··· Provided entries
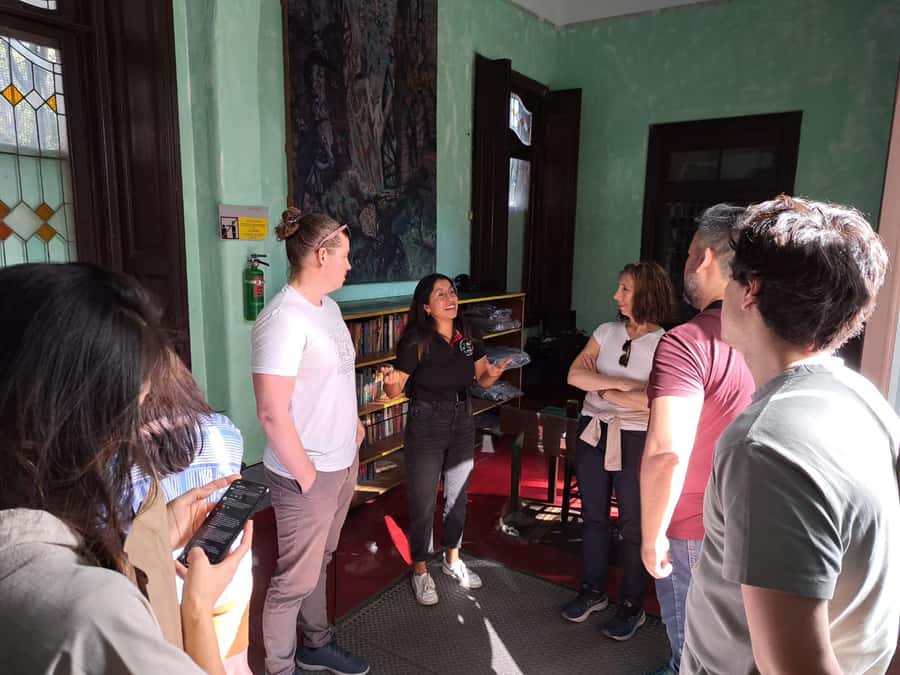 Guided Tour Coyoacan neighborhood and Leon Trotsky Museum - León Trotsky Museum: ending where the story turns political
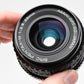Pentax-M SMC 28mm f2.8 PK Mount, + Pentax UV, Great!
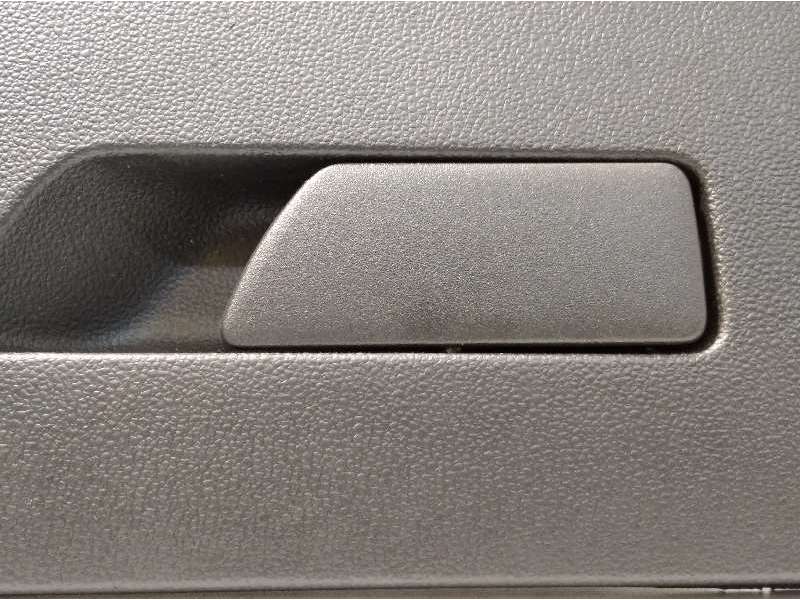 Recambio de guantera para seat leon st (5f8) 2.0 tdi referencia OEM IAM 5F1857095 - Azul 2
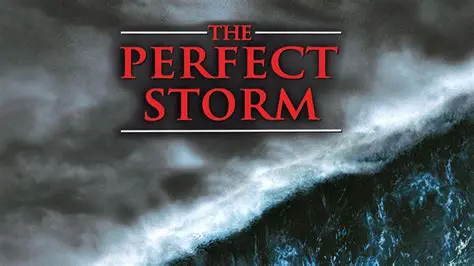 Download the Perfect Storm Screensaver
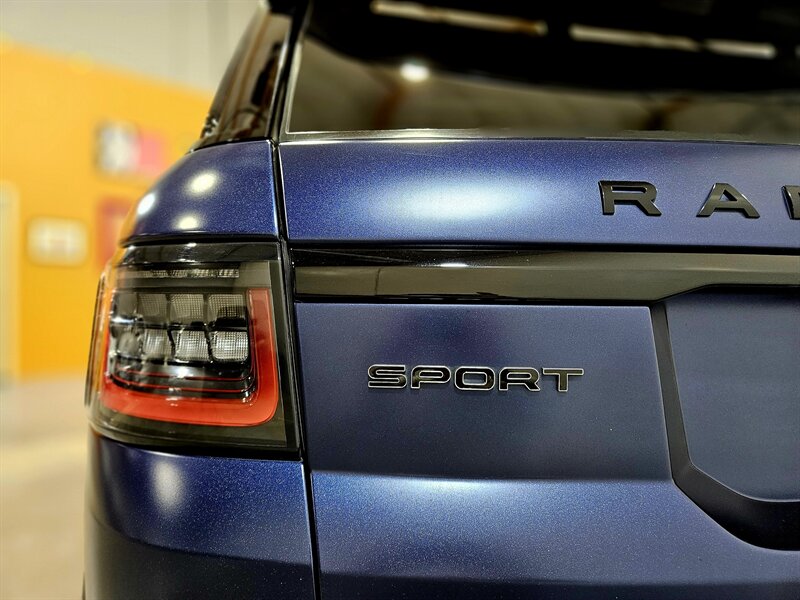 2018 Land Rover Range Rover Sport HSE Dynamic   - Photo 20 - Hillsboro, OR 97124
······
··· Provided entries
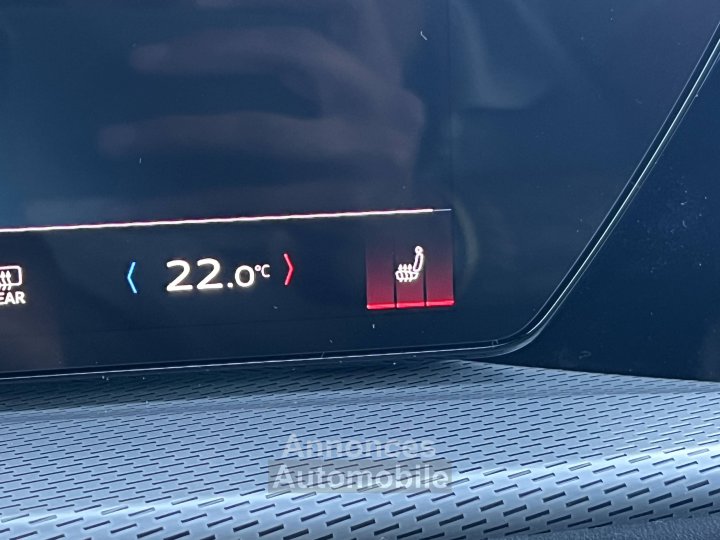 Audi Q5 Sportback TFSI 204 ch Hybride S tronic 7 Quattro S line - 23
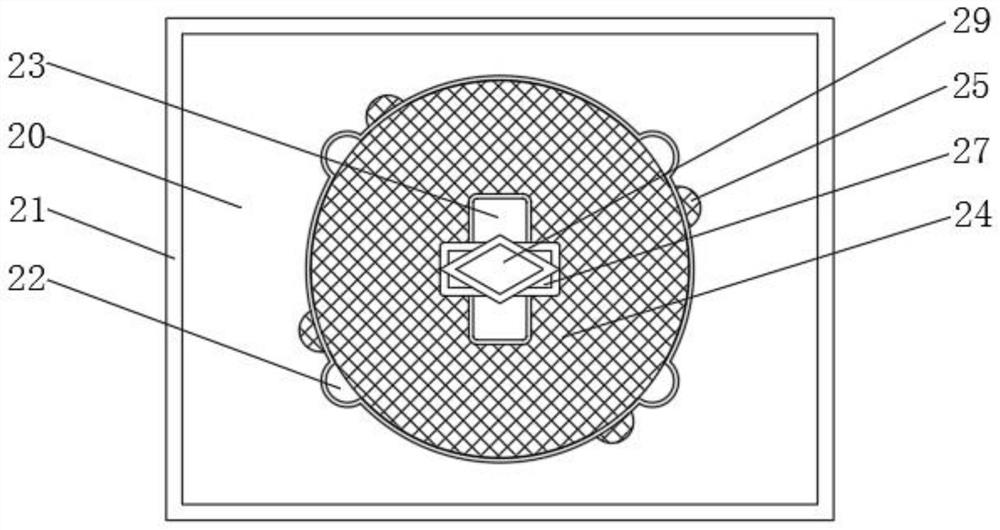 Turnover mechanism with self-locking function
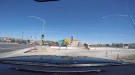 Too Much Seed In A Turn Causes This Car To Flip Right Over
······
-- Exercise objective --
Among the entries above, locate the line with "Audi Q5 Sportback" and the line with "Too Much Seed". Give those two lines and all lines between them again, exactly, leaving out the pictures.

-- Exercise solution --
 Audi Q5 Sportback TFSI 204 ch Hybride S tronic 7 Quattro S line - 23
 Turnover mechanism with self-locking function
 Too Much Seed In A Turn Causes This Car To Flip Right Over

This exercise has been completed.